A jazz guitar great, judiciously compiled, heard in full bloom
“Django was truly a composer who imagined a composition down to its smallest detail,” said his long-time collaborator, violinist Stéphane Grappelli, reflecting on the many abilities of guitarist Django Reinhardt. Indeed, calling Reinhardt merely a guitarist seems, somehow, to undersell his artistry. During their time together, in Le Quintette Du Hot Club De France, Reinhardt and Grappelli would pioneer ‘gypsy jazz’ and inveigle modernist developments from America – Reinhardt was listening to musicians such as Duke Ellington – into the French jazz scene. He’d also develop a particularly fluid approach to both improvisation and composition, something Diminishing Blackness maps out with great sensitivity and intelligence.
Much of the legend of Reinhardt rests on his triumph over adversity – more specifically, at the age of 18, surviving a caravan fire that left him bedridden for 18 months, and with minimal use of two fingers on his left hand, such that he would only be able to use his index and middle fingers to solo. While his rethinking of the guitar is fundamental to subsequent developments, he also helped shift the possibilities of soloing: his melodic improvisations moved the terrain forward from the tendency, among jazz guitarists, to work within chordal parameters.
You can hear all of that develop through Diminishing Blackness – it’s a lovely set, opening with a clutch of songs from the Hot Club, whose continued reappearances across these three discs acts as a marker, of sorts, of where Reinhardt’s head was at, both compositionally, and while playing with others. Reinhardt’s guitar had astonishing facility and fluidity – he seems to skate or fly between notes, but never at the expense of the melodic logic he’s exploring over the Hot Club’s chord changes.
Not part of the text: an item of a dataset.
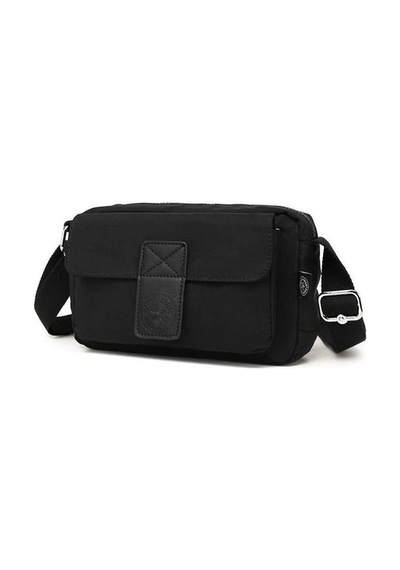 Smart Bags Krinkıl Kadın Çapraz Askılı Çanta Smk 3098 Siyah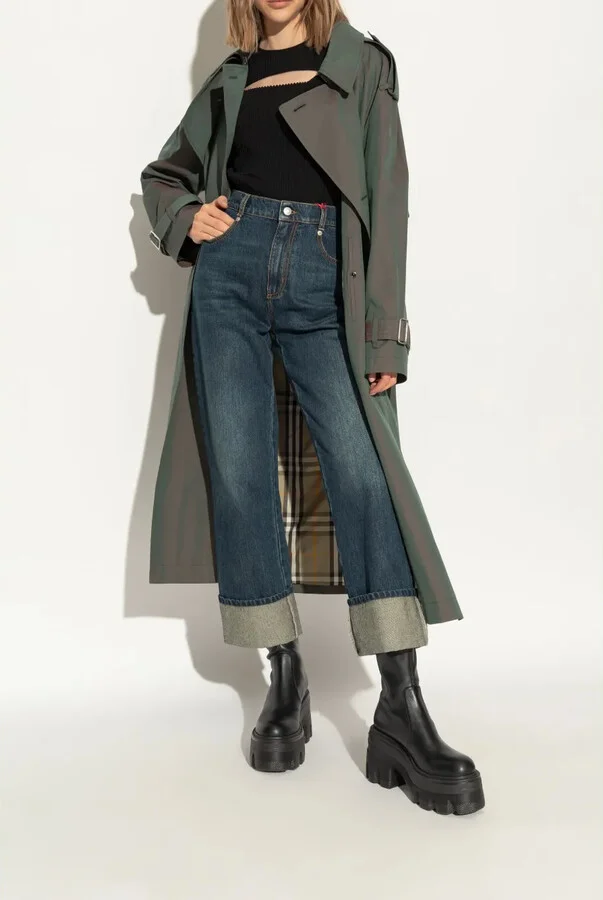 Platform Anklee Boots - Image 3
The push-me-pull-you between Reinhardt and Grappelli is great to hear, too – to hear them soloing after one another on the Hot Club recordings from the late ’30s is a joy.
But it’s the improvisations, and the later recordings, that really beguile here. “Improvisation No 3” from 1943 winds circuitously around a clutch of chords, a dazzling tension building between Romany jazz and flamenco-esque trills; “Improvisation 47 (Improvisation No 5)”, from a 1947 radio broadcast, is delicate and devastating, the nuances in the exploration of melody as unexpected as they are compelling.
Some wonderful early-’50s material appears on the third disc, including a definitive take on “Nuages”, Reinhardt’s electric guitar tart and sharp, with decisive cut-offs; it’s an evocative take on the composition, where you can hear the entire arc of the piece within the first few notes. After this, Diminishing Blackness explores contextual material – recordings inspired by Reinhardt, from figures like Barney Wilen, Chet Atkins and Henri Crolla. It offers a space to reflect on just how Reinhardt’s singular playing transformed jazz.